● ASSIGNMENT: Your answer must consist solely of the lines from the one containing "Dutch West Indian" through the last line of the records below, reproduced exactly, with all pictures omitted.

● EXERCISE DATA:
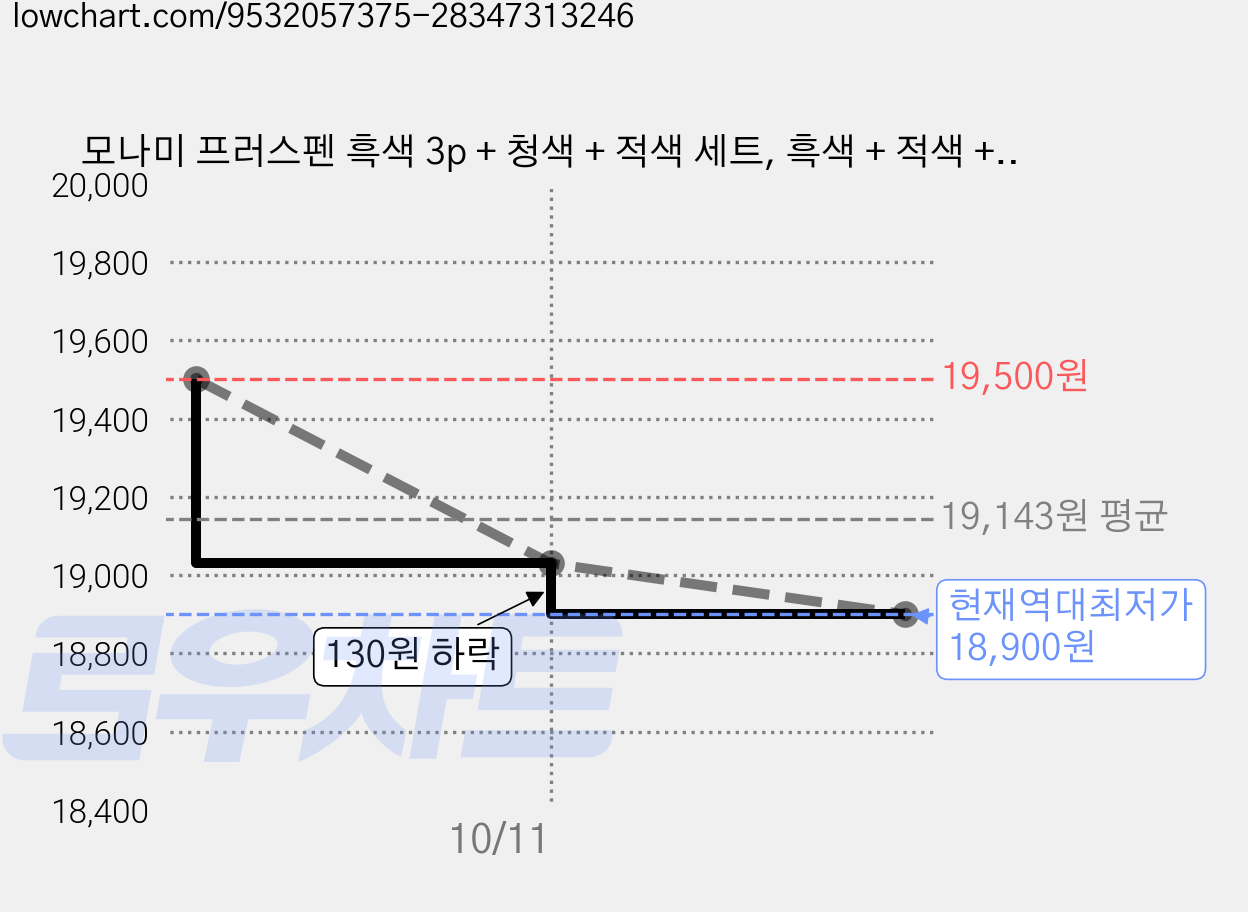 모나미 프러스펜 흑색 3p + 청색 + 적색 세트, 흑색 + 적색 + 청색, 6세트 가격 변동 차트, 현재가 18,900원, 역대최저가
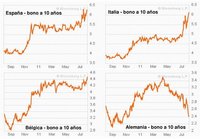 Bonos de deuda pública de España, Italia y Bélgica en máximos históricos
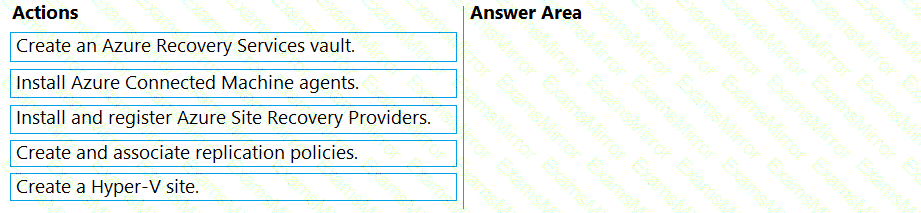 Question # 4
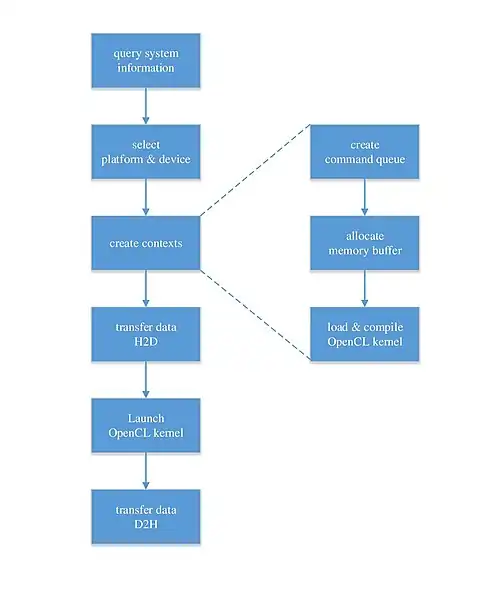 Illustrating the execution flow of an OpenCL program/kernel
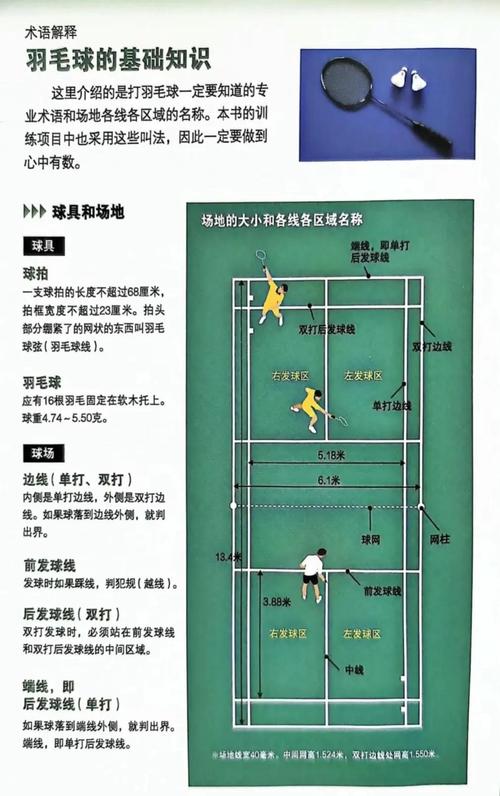 羽毛球的规则规程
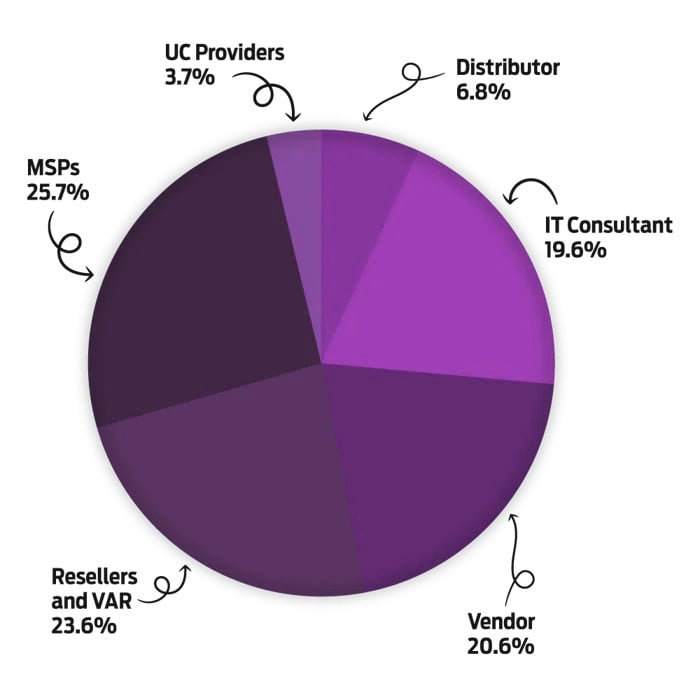 MicrosoftTeams-image (184) copy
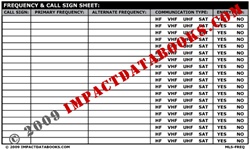 Frequency Call Sign Sheet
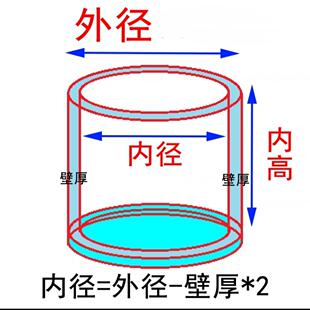 亚克力管高透明亚克力水桶封底加工亚克力防尘罩存钱罐打孔管定制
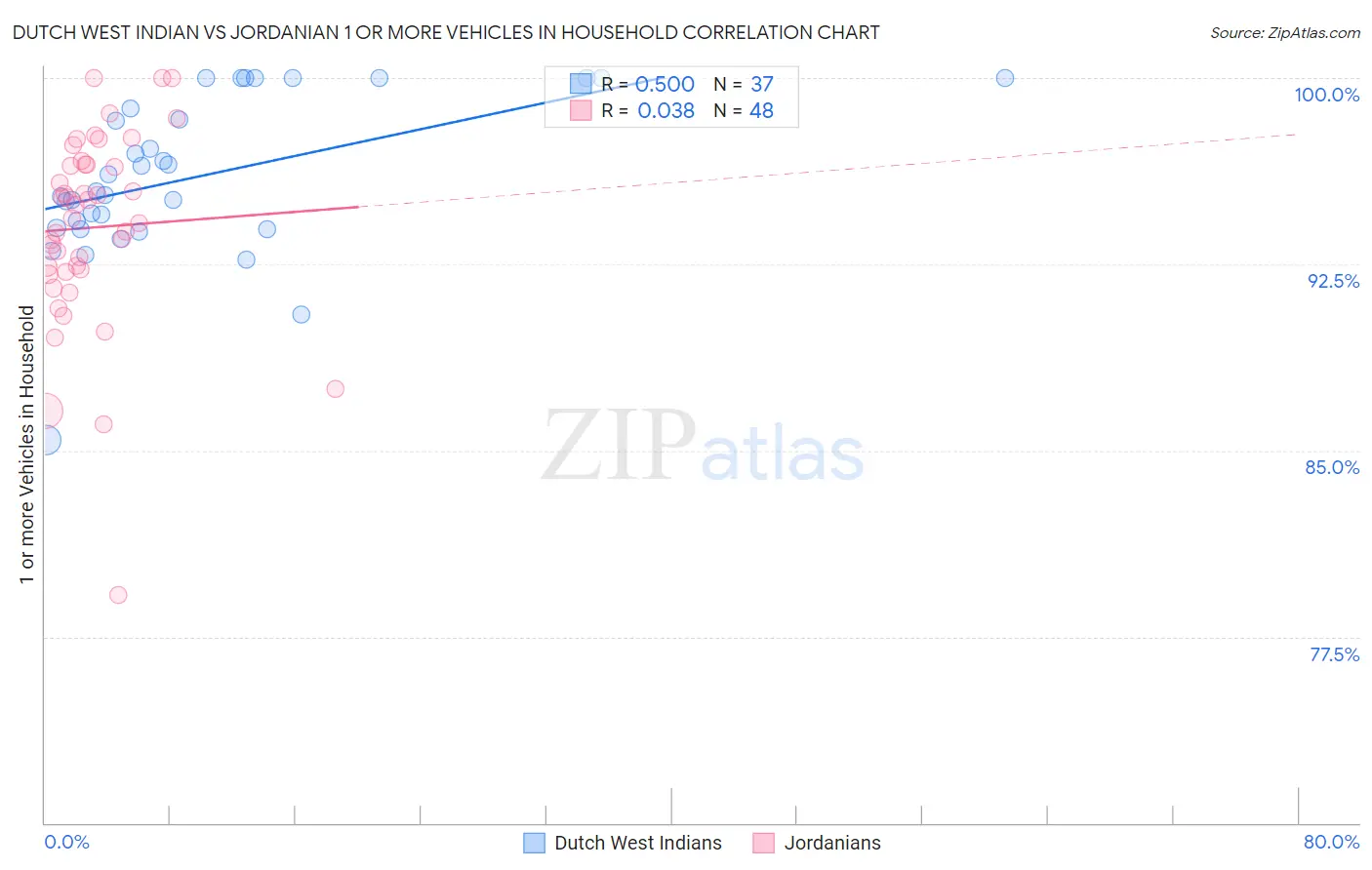 Dutch West Indian vs Jordanian 1 or more Vehicles in Household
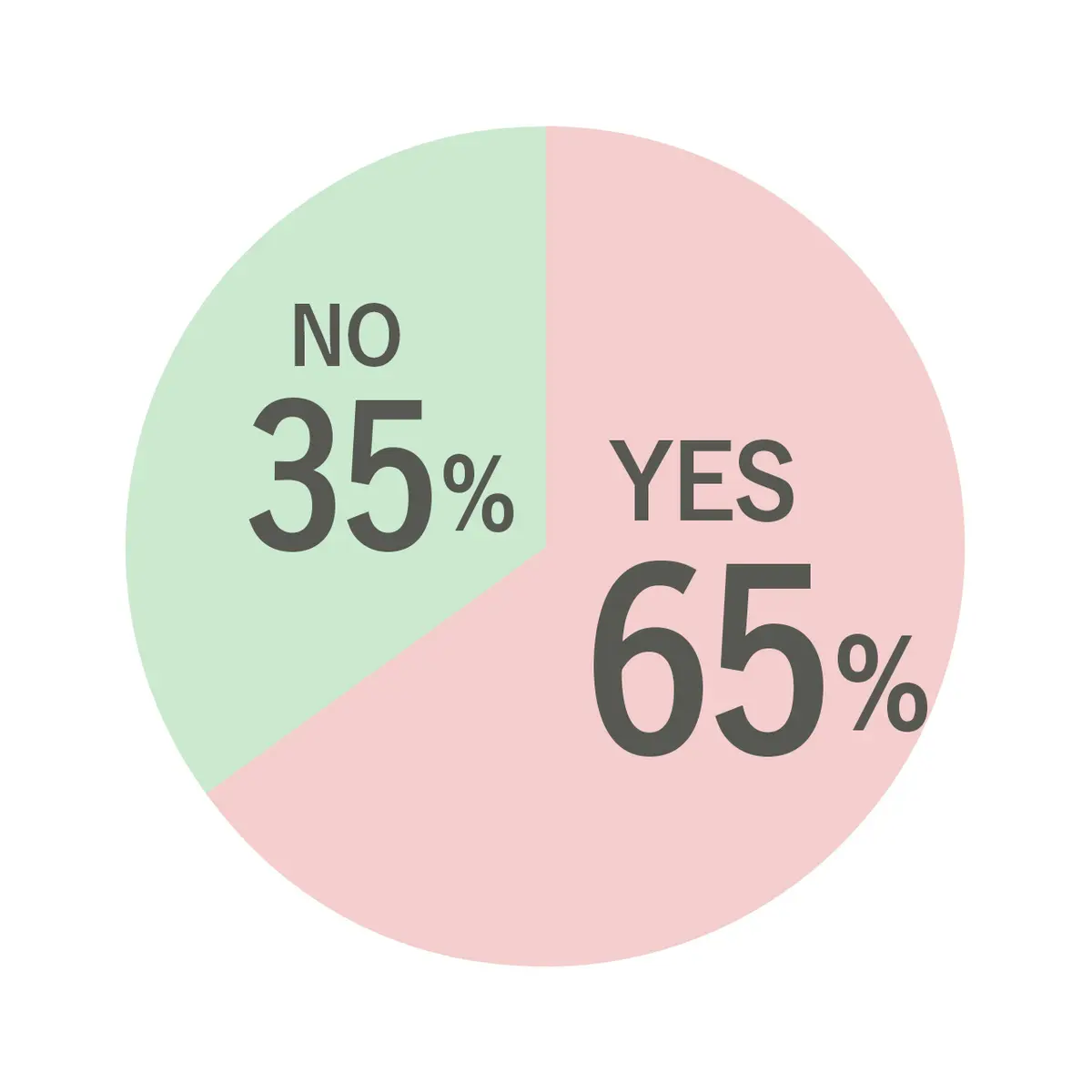 Q1. これまでの人生で「やってしまった！」という恥ずかしい勘違いをしたことはありますか？の回答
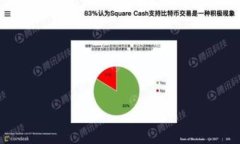   如何将USDT转入火币钱包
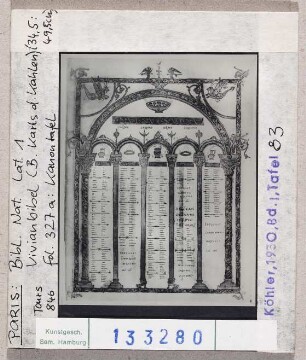 Paris, Bibliothèque Nationale: Bibl. Nat. lat. 1, Bibel Karls d. Kahlen (Vivian-Bibel), fol. 327a, Kanontafel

● COMPLETED EXERCISE:
 Dutch West Indian vs Jordanian 1 or more Vehicles in Household
 Q1. これまでの人生で「やってしまった！」という恥ずかしい勘違いをしたことはありますか？の回答
   如何将USDT转入火币钱包
 Paris, Bibliothèque Nationale: Bibl. Nat. lat. 1, Bibel Karls d. Kahlen (Vivian-Bibel), fol. 327a, Kanontafel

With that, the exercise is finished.